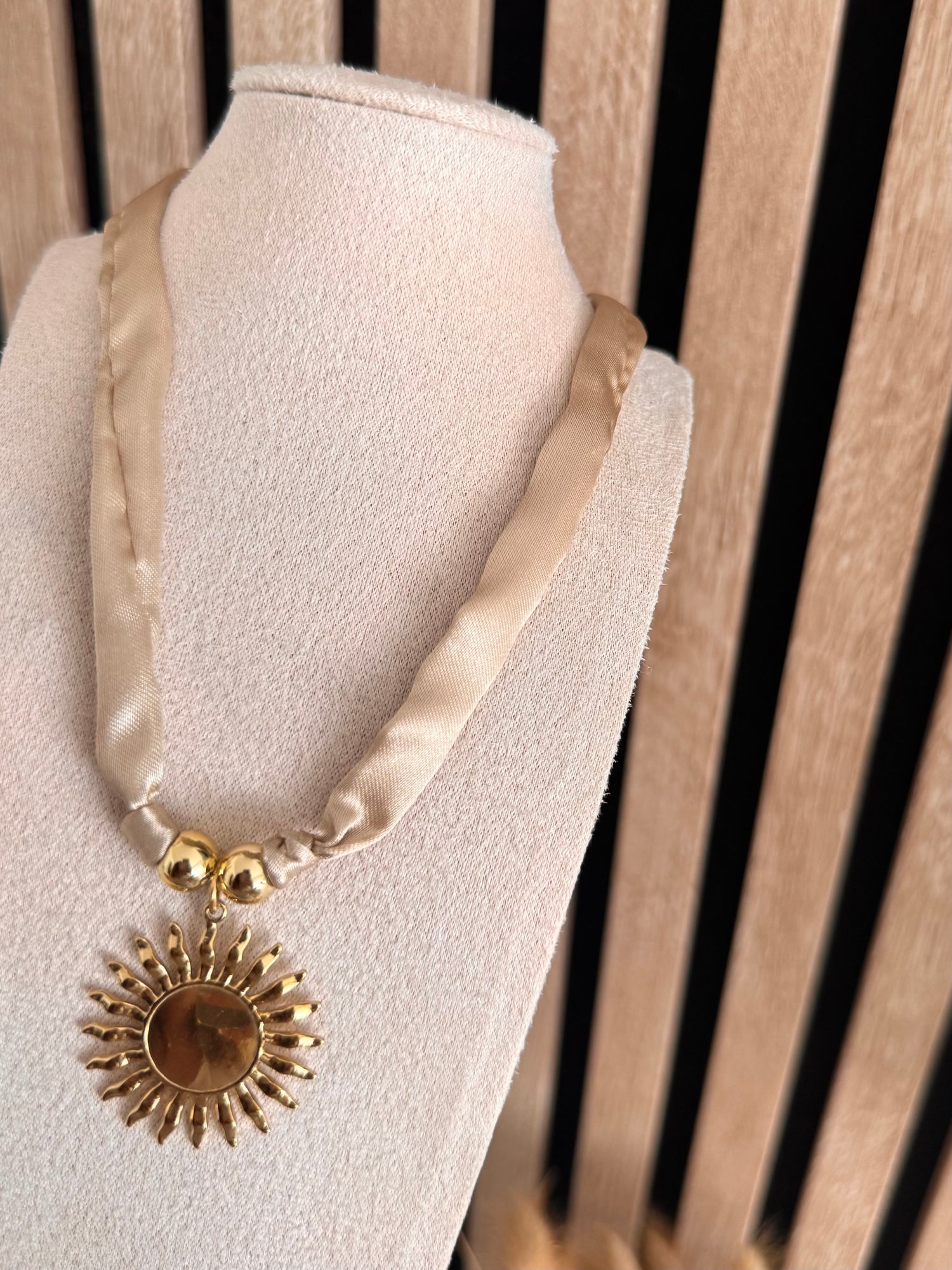 Collier Isandra
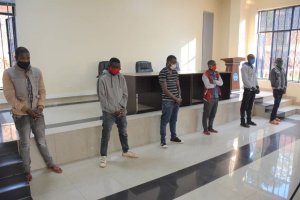 RIB yerekanye itsinda ry'abasore 6 bamaze iminsi biba amafaranga y'aba agents ba Mobile Money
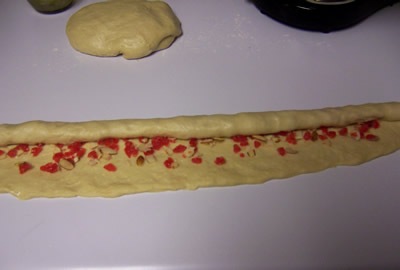 [lacy-valentine-bread 016[4].jpg]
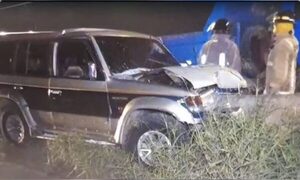 Poli se quedó dormido manejando y chocó contra muro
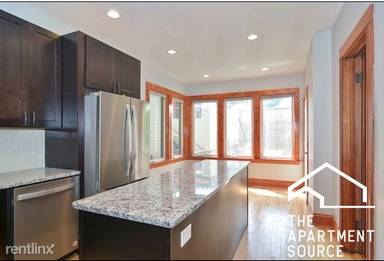 Main picture of 3454 N Hoyne Ave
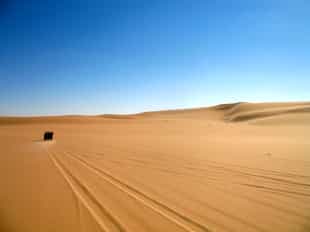 Explore the Great Sand Sea in a 4x4 Jeep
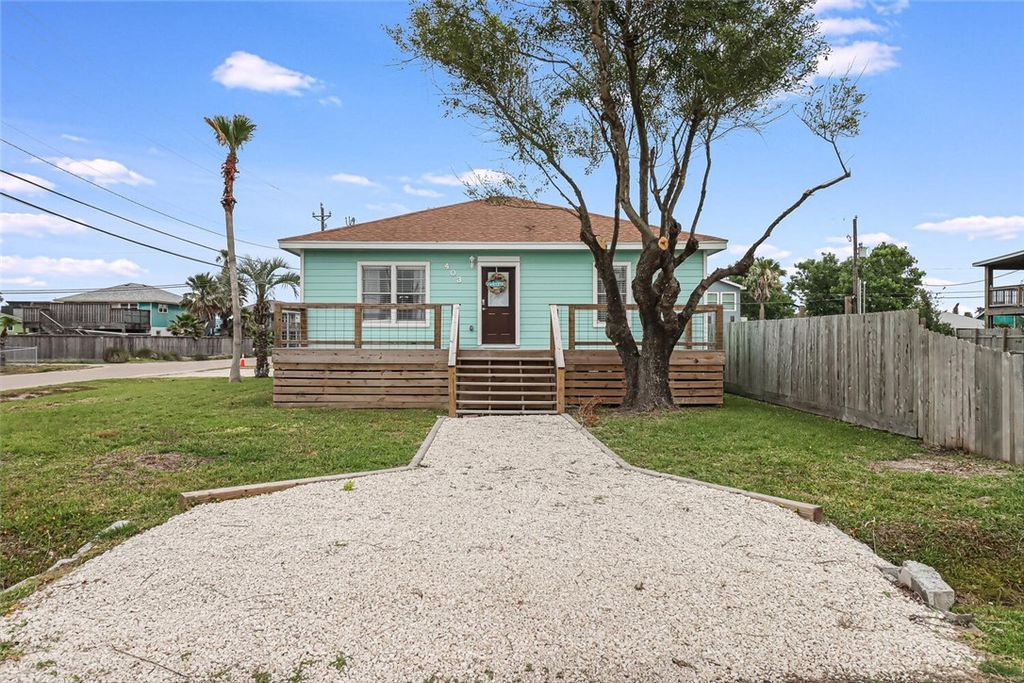 403 S Gulf St, Port Aransas, TX 78373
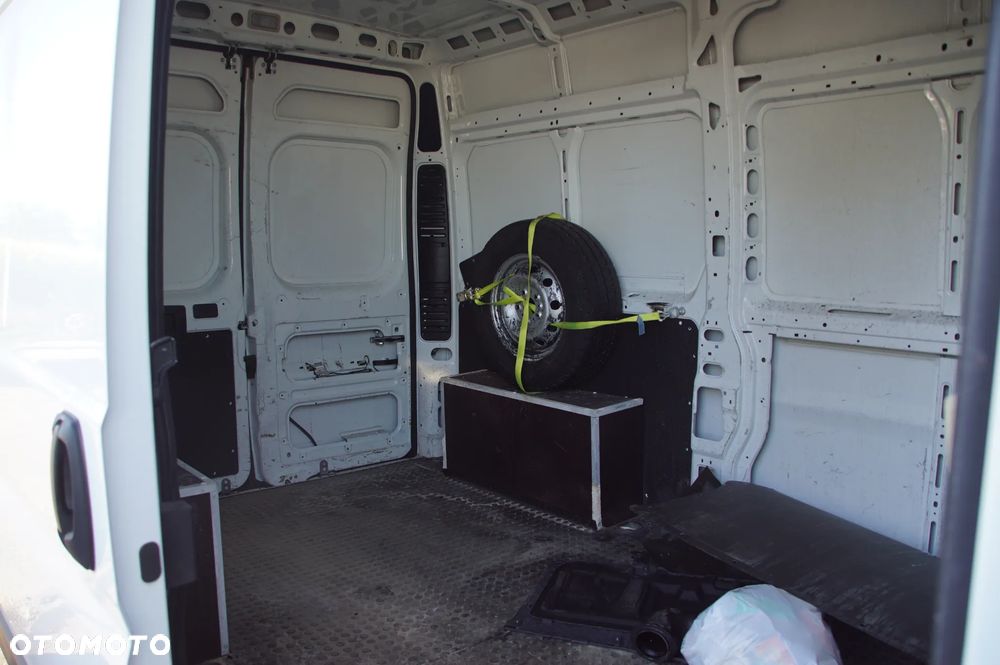 Auto na części - Citroen Jumper III Lift L2H2 2.2 BlueHDI DW12RUD MLGU6 249 Bianco Banchisa SB 2020R Silnik Skrzynia Drzwi Szyba Lusterko Błotnik Deska Kokpit Sterownik Moduł Licznik Fotel Kierownica - 16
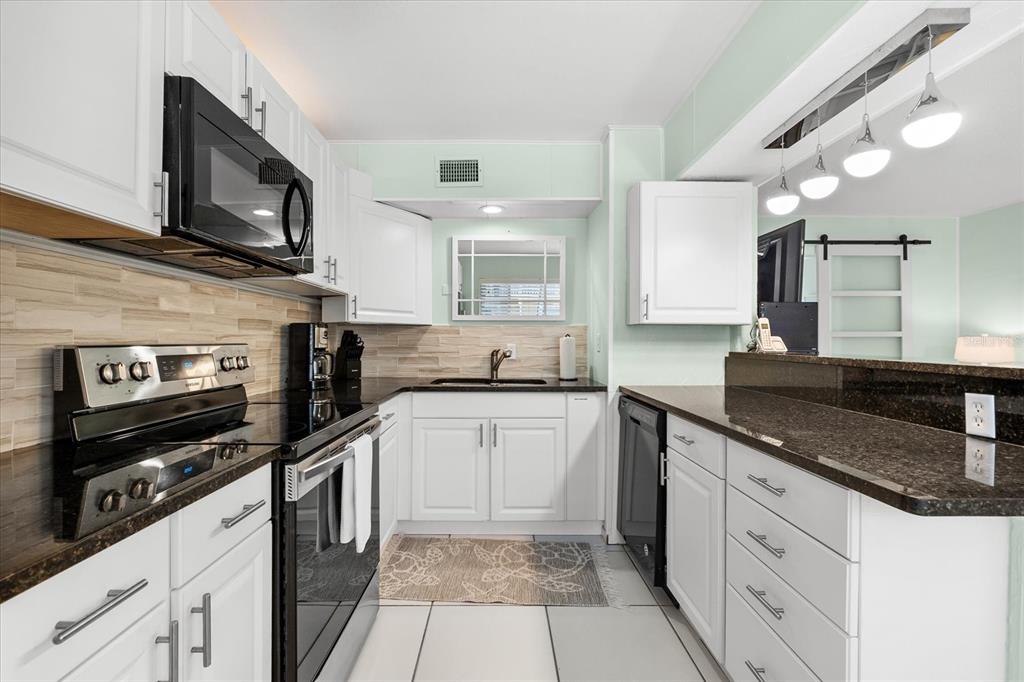 5955 Midnight Pass Road, Unit 4E Sarasota, FL 34242 - Photo 17 of 59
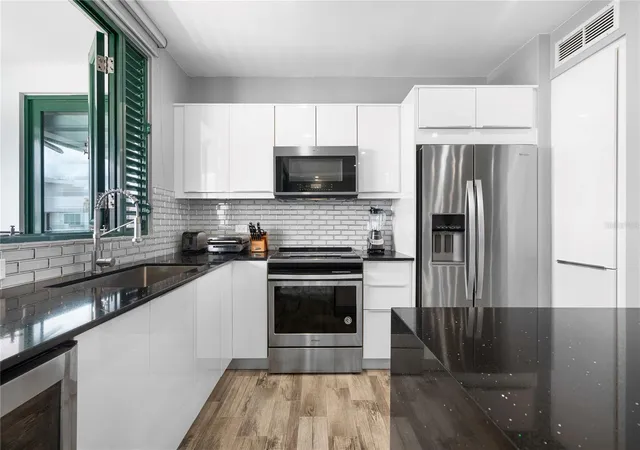 Photo 3 of Condo for sale at Vistas Del Cacique Rio Mar Blvd Grande Pr #7248, Rio Grande, PR 00745 | MLS# PR9124524 | Listing updated on 2026-10-01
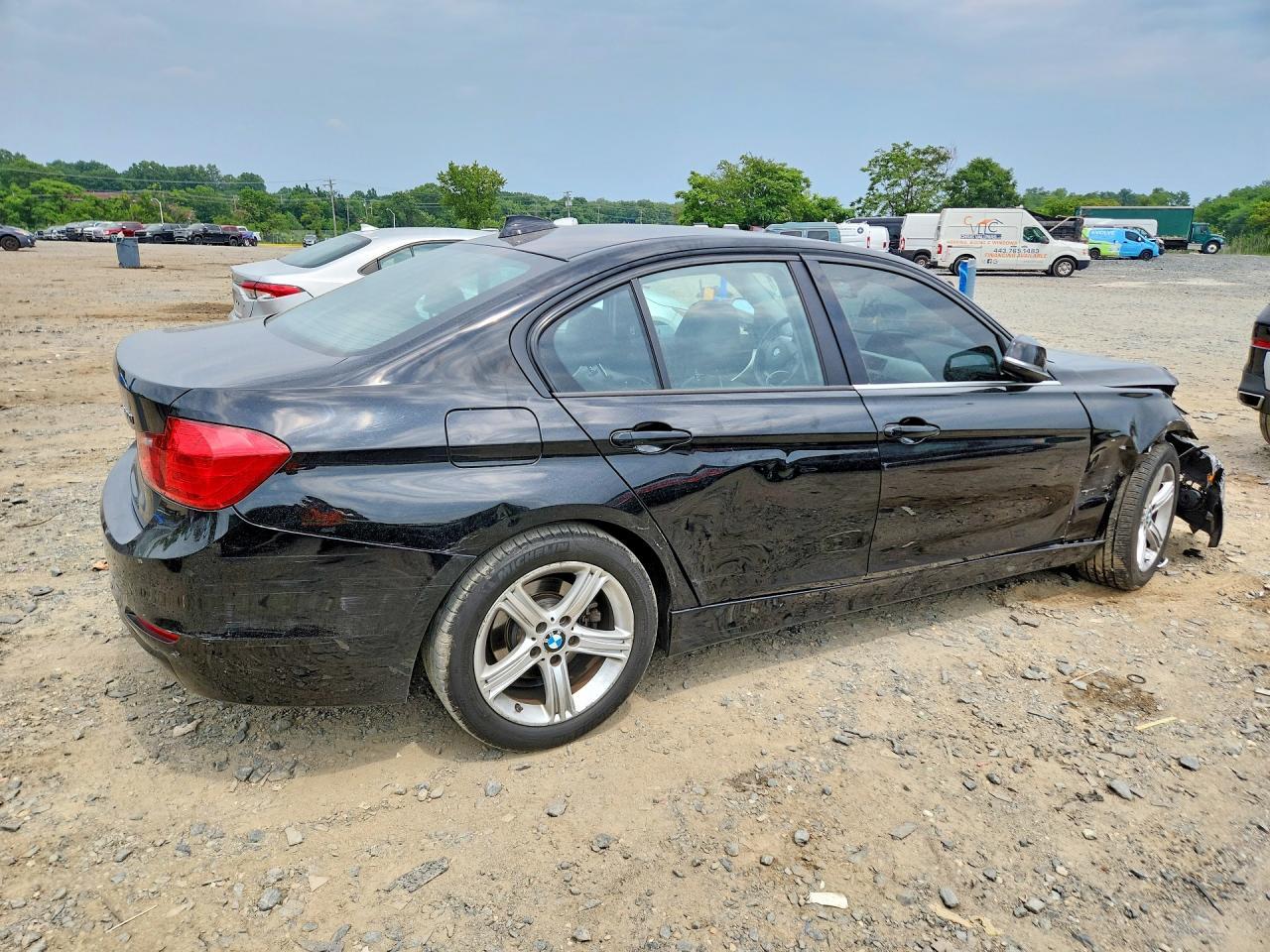 2014 BMW 320 I xDrive - zdjęcie 3
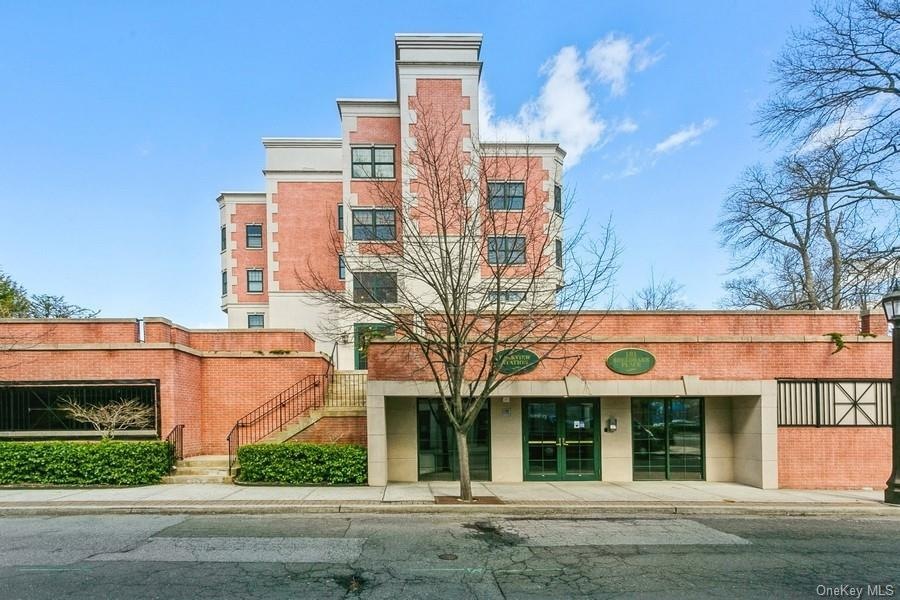 101 Sheldrake Place unit 6, Mamaroneck, NY 10543 - photo 1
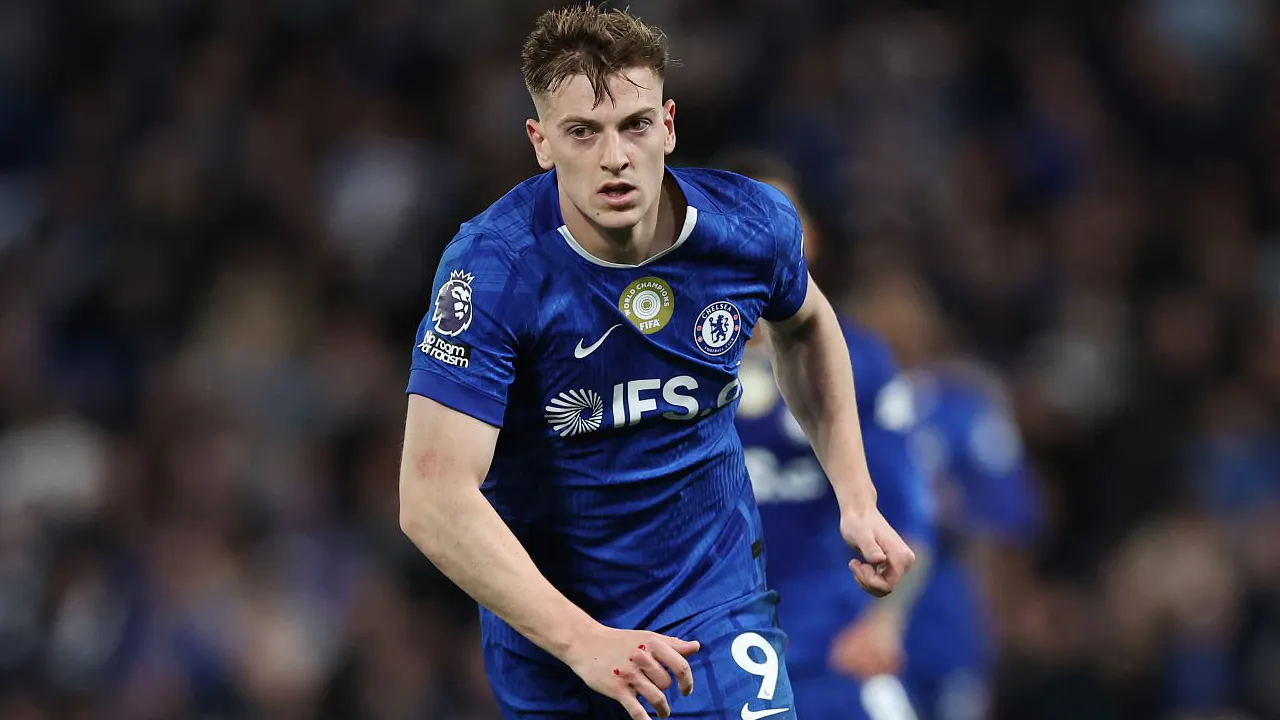 Liam Delap Ngotot Bertahan, Tapi Chelsea Punya Rencana Lain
------------------------------------------------------------
## Description of the task
All of the entries above must be reproduced exactly, and no image may be included.

## Task solution
 Collier Isandra
 RIB yerekanye itsinda ry'abasore 6 bamaze iminsi biba amafaranga y'aba agents ba Mobile Money
 [lacy-valentine-bread 016[4].jpg]
 Poli se quedó dormido manejando y chocó contra muro
 Main picture of 3454 N Hoyne Ave
 Explore the Great Sand Sea in a 4x4 Jeep
 403 S Gulf St, Port Aransas, TX 78373
 Auto na części - Citroen Jumper III Lift L2H2 2.2 BlueHDI DW12RUD MLGU6 249 Bianco Banchisa SB 2020R Silnik Skrzynia Drzwi Szyba Lusterko Błotnik Deska Kokpit Sterownik Moduł Licznik Fotel Kierownica - 16
 5955 Midnight Pass Road, Unit 4E Sarasota, FL 34242 - Photo 17 of 59
 Photo 3 of Condo for sale at Vistas Del Cacique Rio Mar Blvd Grande Pr #7248, Rio Grande, PR 00745 | MLS# PR9124524 | Listing updated on 2026-10-01
 2014 BMW 320 I xDrive - zdjęcie 3
 101 Sheldrake Place unit 6, Mamaroneck, NY 10543 - photo 1
 Liam Delap Ngotot Bertahan, Tapi Chelsea Punya Rencana Lain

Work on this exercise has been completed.